A Nationwide Problem
The fines Sandy faces are particularly egregious, but she’s far from the only American to be crushed by sky-high code citations. A 2017 report by the U.S. Commission on Civil Rights revealed how municipal fines and fees abuse is a nationwide problem. And the issue is likely to only get worse in the near future, as municipalities look for quick ways to make up for revenue shortfalls in the slowed economy.
IJ is the nation’s leader in litigating against excessive fines and code enforcement abuse. IJ litigation led to the U.S. Supreme Court’s landmark decision in Timbs v. Indiana, in which the Court held that the U.S. Constitution’s protection against excessive fines applies to state and local governments. And IJ has represented numerous people trapped by abusive code enforcement practices, including:
- A Dunedin, Florida, man whose code enforcement board wants to foreclose on his home because the grass was too tall.
- A Miami Shores, Florida, couple who faced daily fines for wanting to grow vegetables in their front-yard garden.
- An Eagle, Wisconsin, couple facing nearly $90,000 in fines for parking trucks on their rural property.
- Residents of Norco and Indio, California, where local governments established a set of unconstitutional profit incentives for private attorneys to prosecute code enforcement cases.
- Residents of Pagedale, Missouri, and Doraville, Georgia, whose local governments planned to balance the municipal budget through systematic code enforcement of trivial violations.
IJ has also conducted research into cities that relied heavily on fines and fees to balance their budgets in “The Price of Taxation by Citation.” The 2019 study showed that heavy reliance on fines and fees reduces community trust, a finding that indicates that cities may pay a price for this behavior.

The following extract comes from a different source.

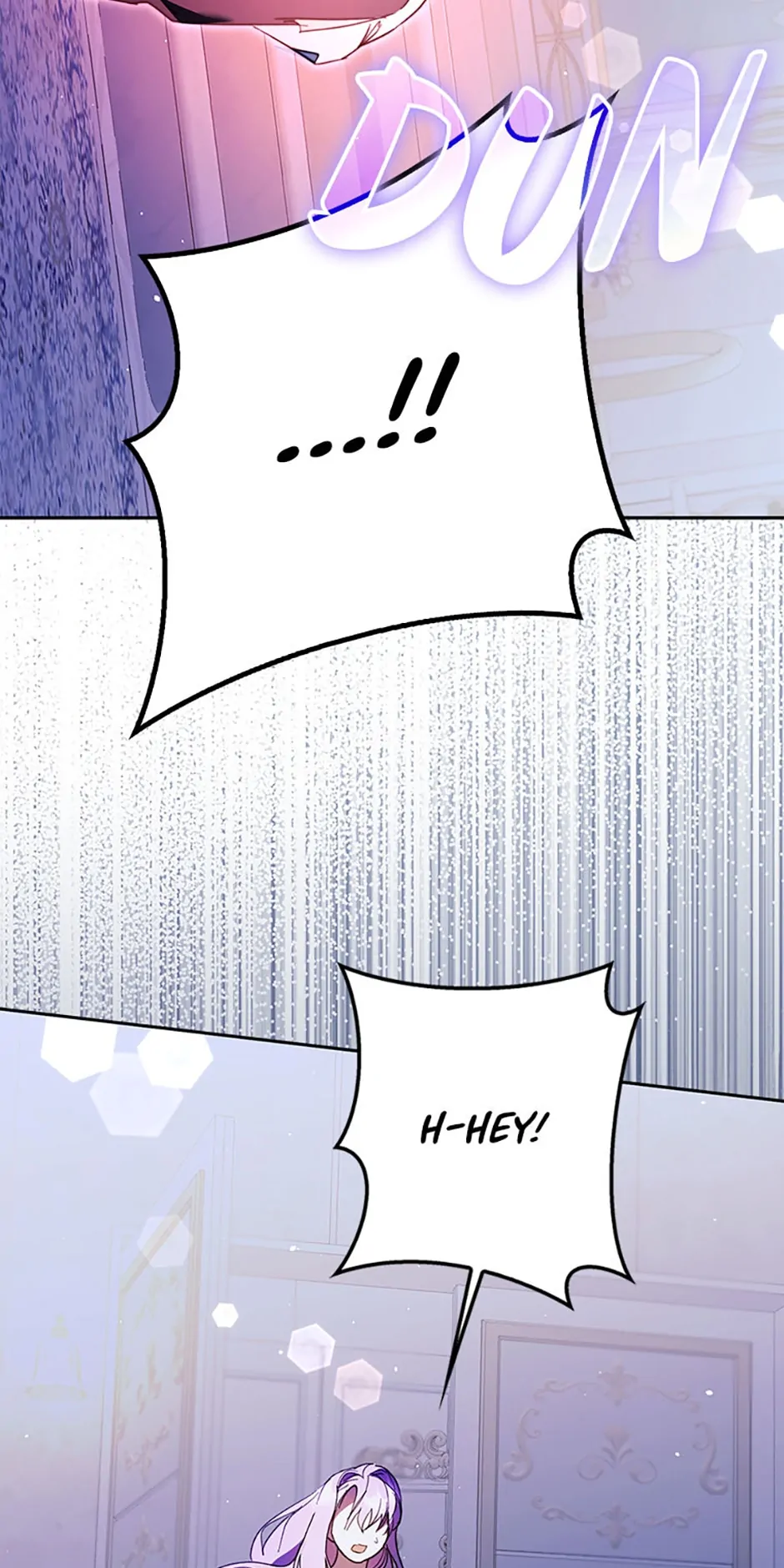 An Extra Stole the Male Leads Chapter 17 page 25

And in 2020, IJ released a 50-state survey of state laws governing municipal fines and fees and how they may encourage abusive behavior.
Our constitutional protection against excessive fines is designed to prohibit precisely the sort of abuse homeowners like Sandy face. Her case will lay a legal steppingstone for others similarly victimized across the Sunshine State and beyond.
The Litigation Team
The case is being litigated by IJ Attorney Ari Bargil and IJ Law & Liberty Fellow Mike Greenberg.
About the Institute for Justice
Founded in 1991, the Institute for Justice is a public-interest non-profit law firm leading the fight against abusive fines and fees. IJ litigates in the courts of law and in the court of public opinion to defend free speech, economic liberty, educational choice, and property rights. IJ has filed lawsuits defending the rights of homeowners against unconstitutional code enforcement practices all over the country.
[1] Fla. Const. art. I, § 17.
[2] Amos v. Gunn, 94 So. 615 (Fla. 1922).
[3] Hale v. Morgan, 584 P.2d 512 (Cal. 1978).